Kerby v. State Industrial Accident Commission

353 P.2d 857, 222 Or. 545, 1960 Ore. LEXIS 538
CourtOregon Supreme Court
DecidedJune 29, 1960
StatusPublished
Cited by1 cases

This text of 353 P.2d 857 (Kerby v. State Industrial Accident Commission) is published on Counsel Stack Legal Research, covering Oregon Supreme Court primary law. Counsel Stack provides free access to over 12 million legal documents including statutes, case law, regulations, and constitutions.

Bluebook
Kerby v. State Industrial Accident Commission, 353 P.2d 857, 222 Or. 545, 1960 Ore. LEXIS 538 (Or. 1960).

Opinion

ROSSMAN, J.

This is an appeal by the defendant, State Industrial Accident Commission, from a judgment which the circuit court entered in favor of the plaintiff, Douglas E. Kerby, after it had sustained the plaintiff’s motion for the entry of judgment upon the pleadings. The complaint alleged that while the plaintiff was the workman of an employer who contributed to the State Industrial Accident Fund he sustained an injury, and on October 29, 1958, received an award from the defendant for permanent partial disability which was calculated upon the basis of 15 per cent loss of the function of the plaintiff’s left leg. The complaint further alleged that after the plaintiff filed a petition for a rehearing the defendant, upon the rehearing, reaffirmed on February 11, 1959, its previous order thereby denying to the plaintiff additional compensation. At that point the plaintiff instituted this proceeding. The answer filed by the defendant consisted of admissions and denials. When the trial commenced [547]*547the plaintiff moved, as permitted by ORS 16.130, for the entry of judgment in his favor “upon the ground that the material allegations of the complaint are admitted by the defendant’s answer and that no material issue in the case remains to be tried by the jury.” The court denied the motion and thereupon the defendant sought permission to amend its answer “for the reason that through inadvertence and inexperience certain matters had been admitted which should have been denied.” The motion was denied. Shortly thereafter the court vacated its order which had denied the plaintiff’s motion for judgment on the pleadings and then sustained it. In that way the judgment under attack was entered.

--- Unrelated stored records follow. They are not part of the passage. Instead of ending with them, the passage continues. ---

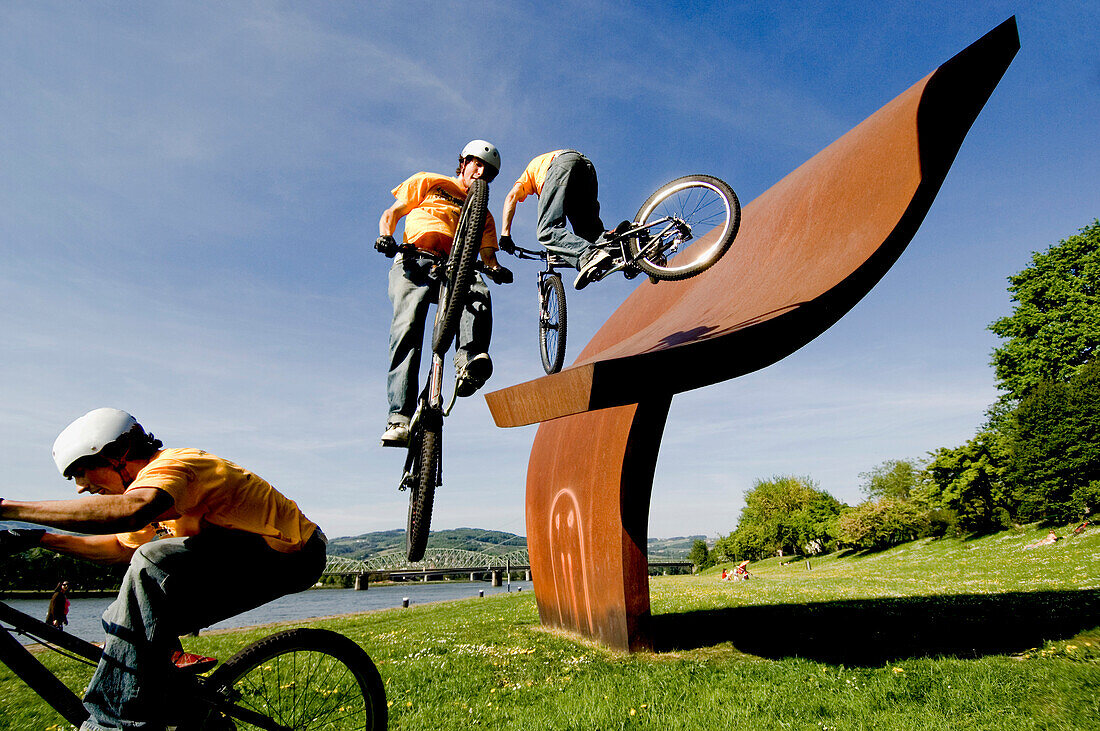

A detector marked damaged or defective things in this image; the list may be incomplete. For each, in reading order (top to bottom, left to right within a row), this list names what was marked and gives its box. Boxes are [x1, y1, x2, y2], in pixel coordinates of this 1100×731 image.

rusty iron sculpture [488, 18, 1024, 652] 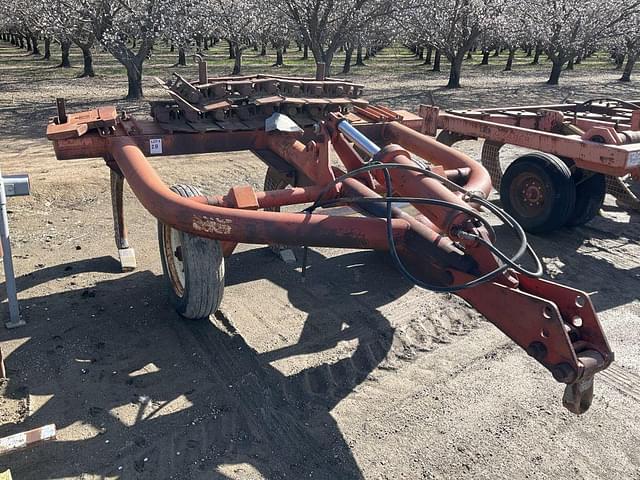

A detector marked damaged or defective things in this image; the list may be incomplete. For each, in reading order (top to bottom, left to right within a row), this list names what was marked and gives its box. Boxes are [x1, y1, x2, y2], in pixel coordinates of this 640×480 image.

rust patch [192, 216, 232, 236]
rusty steel frame [47, 100, 612, 412] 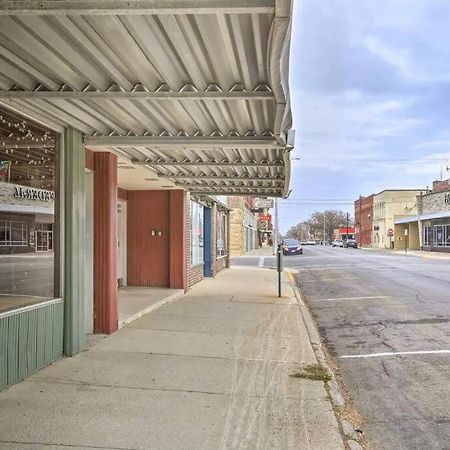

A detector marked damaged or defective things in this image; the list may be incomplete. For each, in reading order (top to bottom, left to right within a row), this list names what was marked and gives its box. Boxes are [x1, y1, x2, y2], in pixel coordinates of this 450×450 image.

cracked concrete sidewalk [0, 268, 342, 450] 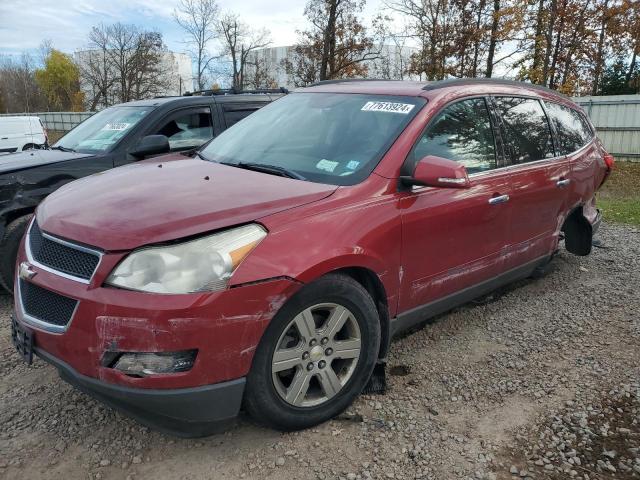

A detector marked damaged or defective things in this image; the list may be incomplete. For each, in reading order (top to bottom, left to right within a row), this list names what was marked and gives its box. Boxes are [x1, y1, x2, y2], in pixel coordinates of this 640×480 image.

cracked headlight [106, 224, 266, 292] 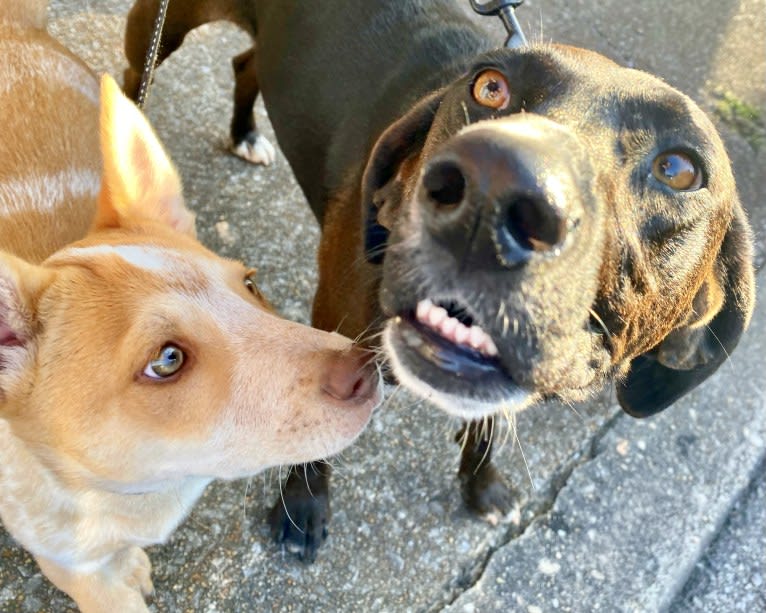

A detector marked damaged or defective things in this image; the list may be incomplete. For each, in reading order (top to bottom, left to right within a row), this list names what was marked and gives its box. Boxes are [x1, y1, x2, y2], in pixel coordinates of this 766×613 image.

The defendant’s first assignment of error reads:

“The Court erred in sustaining plaintiff’s motion for a judgment on the pleadings.”

We will now give consideration to the assignment of error just quoted. The first three paragraphs of the complaint alleged formal matters that play no part in the issues before us. The fourth follows:

“That on or about June 26, 1958, claimant sustained a personal injury by an accident arising out of and in the course of his said employment by violent and external means in that as plaintiff was driving a loaded lumber truck and trailer downhill on Sexton mountain in Josephine county, Oregon, the brakes failed and plaintiff had to jump from said truck while it was traveling out of control, as a result of which plaintiff fell violently to the ground and rolled and skidded along the paved highway for a considerable distance resulting in his injury and disability as hereinafter set forth.”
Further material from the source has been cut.